Sales Execution/Pricing: The vendor's capabilities in all presales activities and the structure that supports them. This includes deal management, pricing and negotiation, presales support, and the overall effectiveness of the sales channel.

Market Responsiveness and Track Record: Ability to respond, change direction, be flexible and achieve competitive success as opportunities develop, competitors act, customer needs evolve and market dynamics change. This criterion also considers the vendor's history of responsiveness.

Marketing Execution: The clarity, quality, creativity and efficacy of programs designed to deliver the organization's message to influence the market, promote the brand and business, increase awareness of the products, and establish a positive identification with the product/brand and organization in the minds of buyers. This "mind share" can be driven by a combination of publicity, promotional initiatives, thought leadership, word-of-mouth and sales activities.

Customer Experience: Relationships, products and services/programs that enable clients to be successful with the products evaluated. Specifically, this includes the ways customers receive technical support or account support. This can also include ancillary tools, customer support programs (and the quality thereof), availability of user groups, service-level agreements and so on.

Operations: The ability of the organization to meet its goals and commitments. Factors include the quality of the organizational structure, including skills, experiences, programs, systems and other vehicles that enable the organization to operate effectively and efficiently on an ongoing basis.

Completeness of Vision

Market Understanding: Ability of the vendor to understand buyers' wants and needs and to translate those into products and services.

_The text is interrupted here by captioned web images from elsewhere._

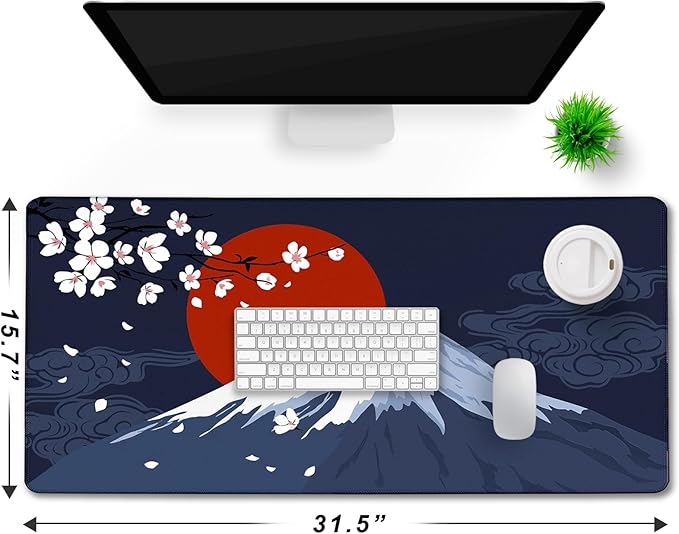 Japanese Mt Fuji Gaming Pad, Large Mouse Pad for Gamer, Durable 31.5"x15.7" Extended Mousepad with Stitched Edges, Waterproof Non-Slip Base Long XXL Large Mouse Pad for Home Office Work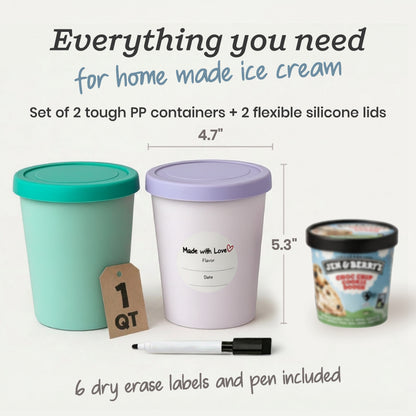 Freeze the Day | Ice Cream Freezer Container 1Qt Set of 2 - Mint &amp; Lavender | Mint / Lavender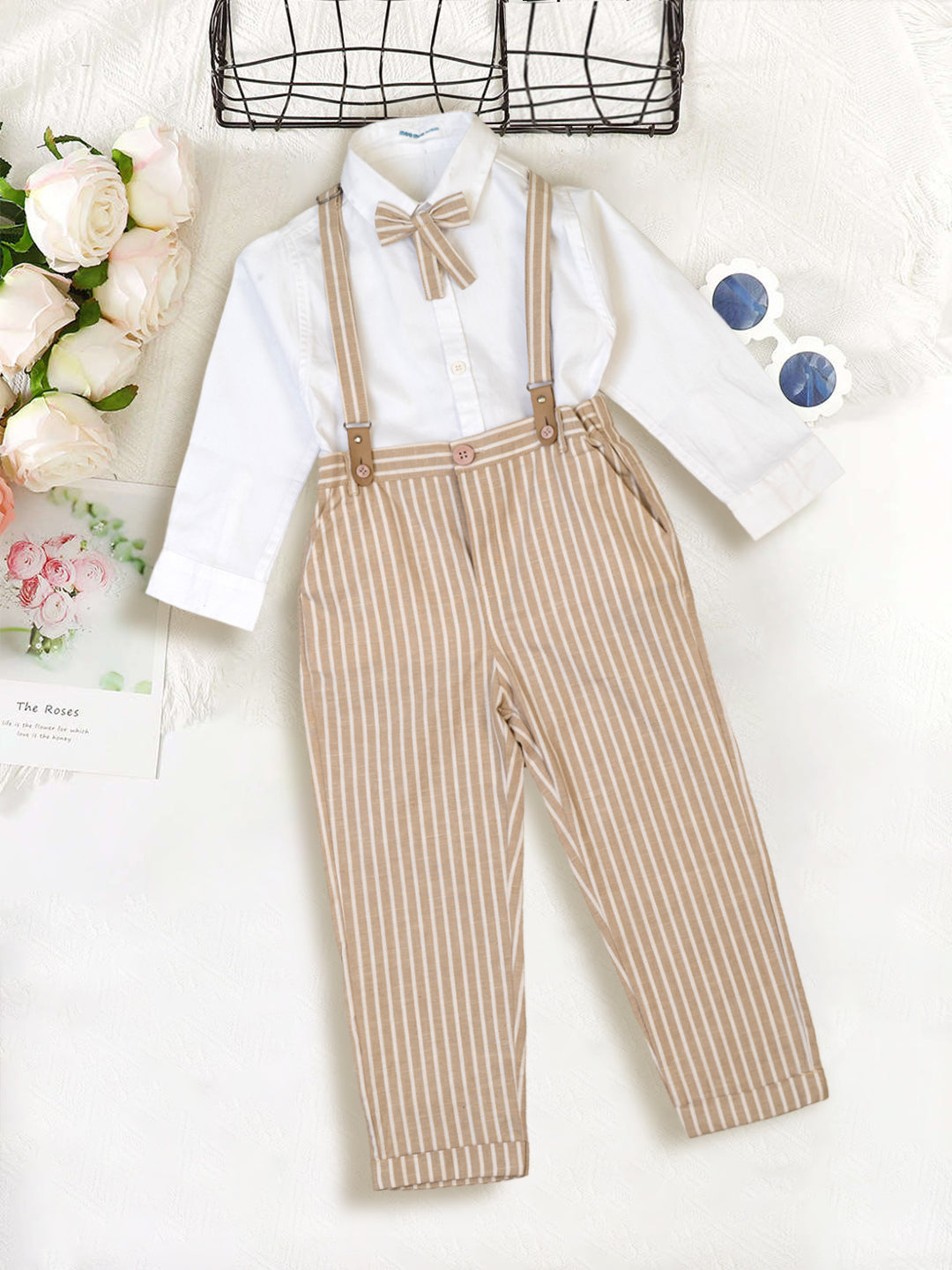 Petit Bebe Knits Boys Pants Set White Santa Shirt Green Striped Pants main image 0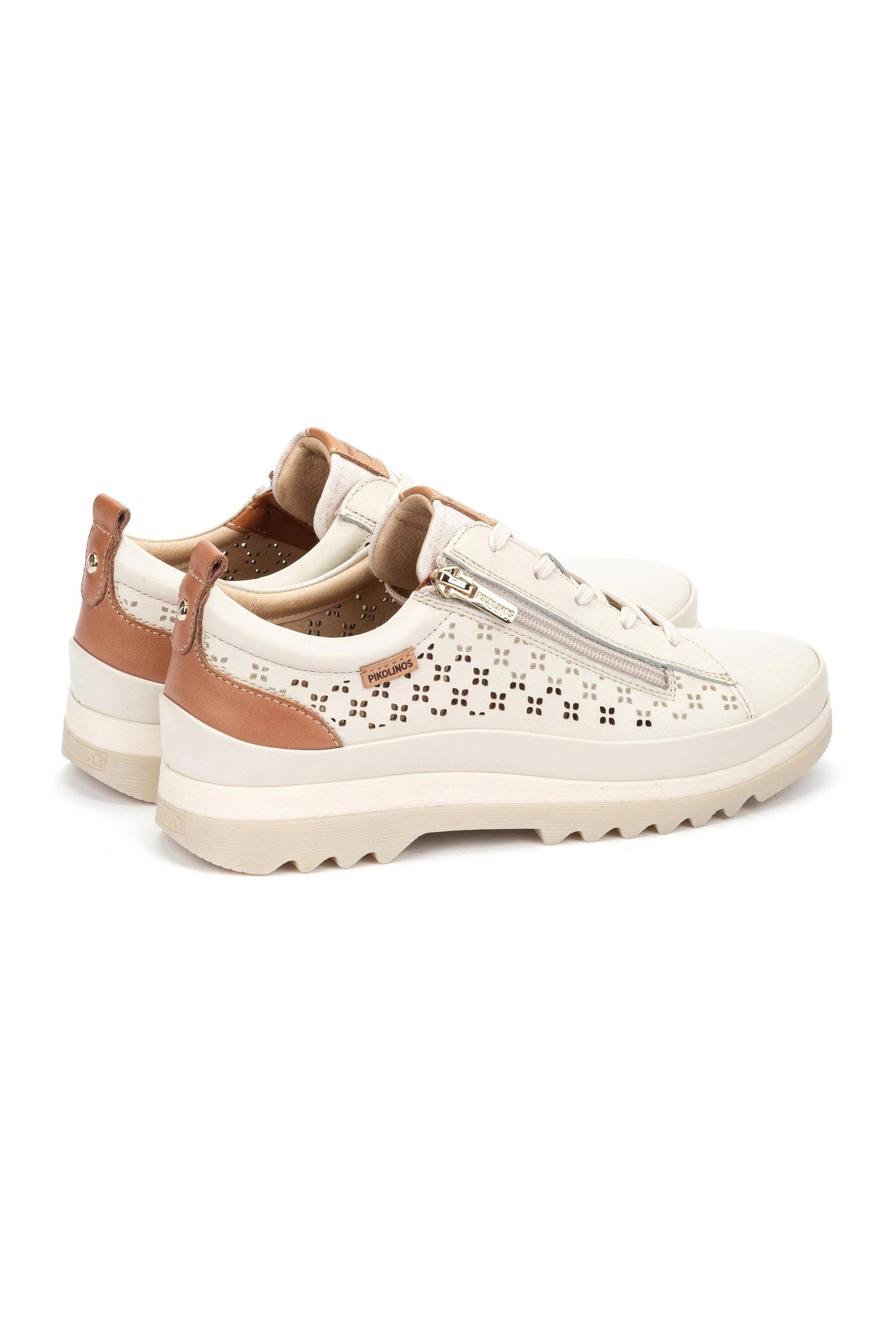Pikolinos Vigo Leather Side-Zip Trainers - Nata
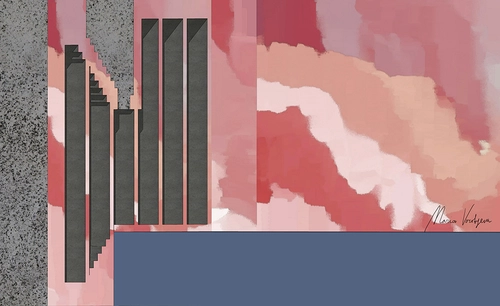 Мария Воробьева, геометрия, современный, линии, геометрические фигуры, фигуры, архитектура, волны, тень, объем, лестница, круги, круг 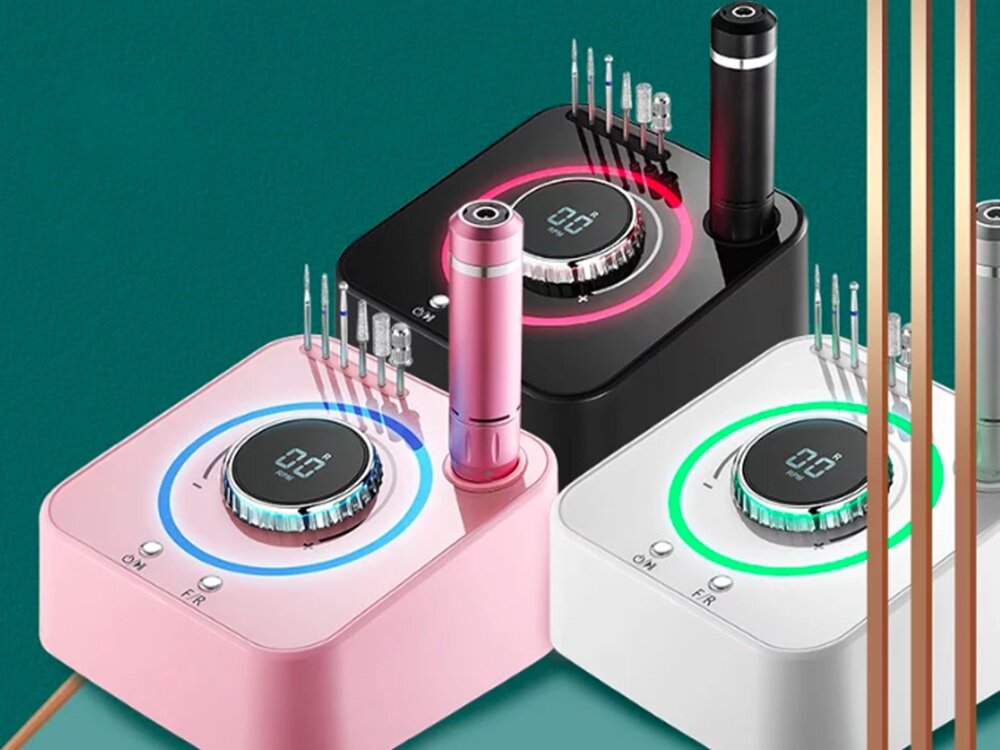 Frezarka do paznokci CLAVIER FX 1080 Różowy funkcja oamięci, funkcja pauzy, kolorowe podświetlenie, 6 otworów na frezy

Vendors that show the highest degree of vision listen and understand buyers' wants and needs, and can shape or enhance those with their added vision.

Marketing Strategy: A clear, differentiated set of messages consistently communicated throughout the organization and externalized through the website, advertising, customer programs and positioning statements.

Sales Strategy: The strategy for selling products that uses the appropriate network of direct and indirect sales, marketing, service, and communication affiliates that extend the scope and depth of market reach, skills, expertise, technologies, services and the customer base.

Offering (Product) Strategy: The vendor's approach to product development and delivery that emphasizes differentiation, functionality, methodology and feature sets as they map to current and future requirements.

Business Model: The soundness and logic of the vendor's underlying business proposition.

Vertical/Industry Strategy: The vendor's strategy to direct resources, skills and offerings to meet the specific needs of individual market segments, including vertical markets.

Innovation: Direct, related, complementary and synergistic layouts of resources, expertise or capital for investment, consolidation, defensive or pre-emptive purposes.

Geographic Strategy: The vendor's strategy to direct resources, skills and offerings to meet the specific needs of geographies outside the "home" or native geography, either directly or through partners, channels and subsidiaries as appropriate for that geography and market.